The Wives: A Memoir

An unflinching, powerful memoir by Simone Gorrindo, whose essays have appeared in the New York Times and New York magazine, The Wives is both an intimate, vulnerable portrait of a marriage and an important depiction of the sacrifice and bravery of military spouses.

In 2012, at the age of 28, a newly married Gorrindo left behind her dream job as an editor in New York to become an army wife in Georgia, giving up "career, friends, more than a decade of history." Her husband, Andrew, had never been able to shake off his desire to join the military. After couples therapy and many hard conversations, they headed off to enter a life that would prove to be alien and challenging, particularly for Gorrindo, who did not have army training to lose herself in.

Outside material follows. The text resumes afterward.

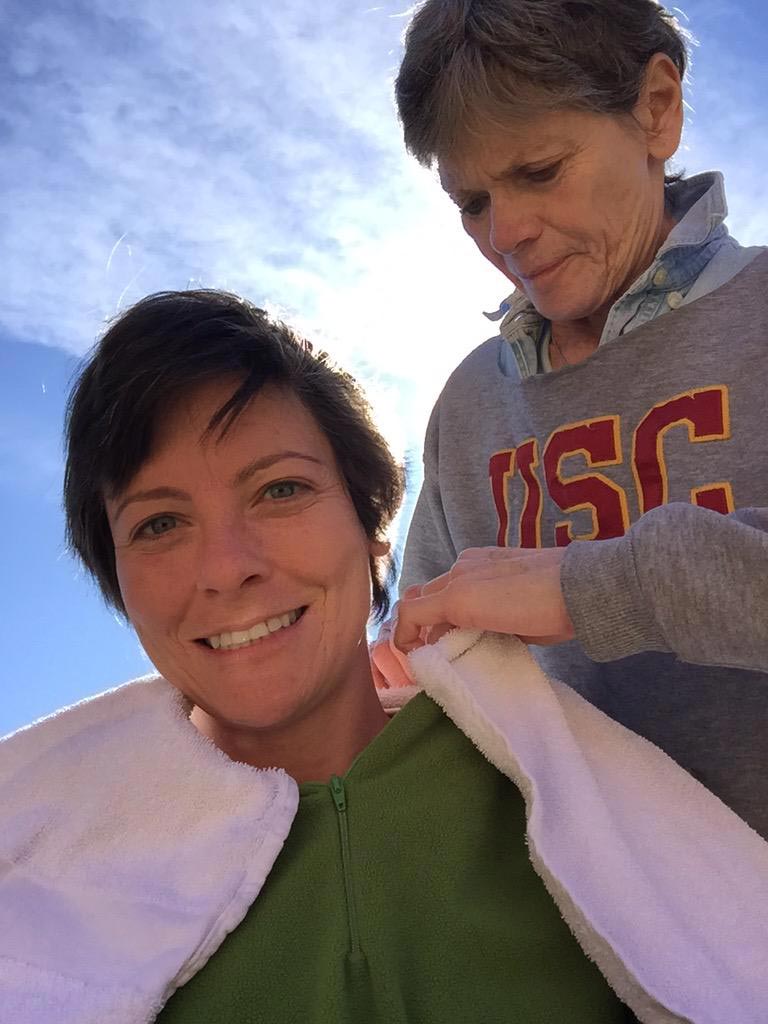 #girlyoudon'tneedmakeup, Эми Шумер, Девушки вам не нужен макияж, Girl, You Don't Need Makeup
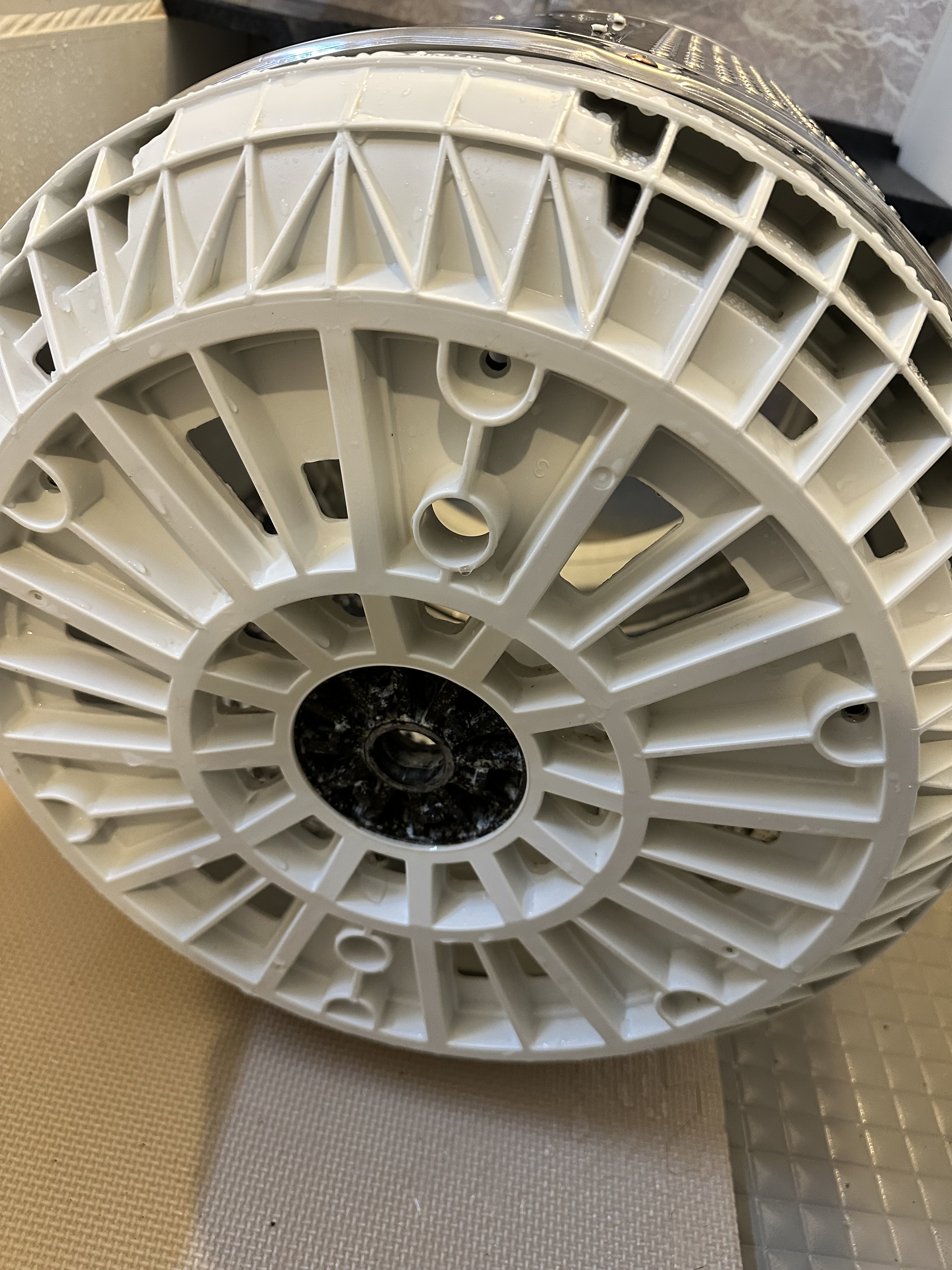 愛知県春日井市知多町の洗濯機分解クリーニングの作業後3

Gorrindo's writing is evocative and immersive as she captures the many complexities of military life, such as the constant fear of receiving bad news and the debilitating loneliness caused by her husband's frequent deployments and the hierarchies of her new social circles. Gorrindo found herself in a community that was very different, culturally and politically, from anything she was used to. "I hadn't found a place here," she reflects, "or had not yet figured out how to fit into the place I had made."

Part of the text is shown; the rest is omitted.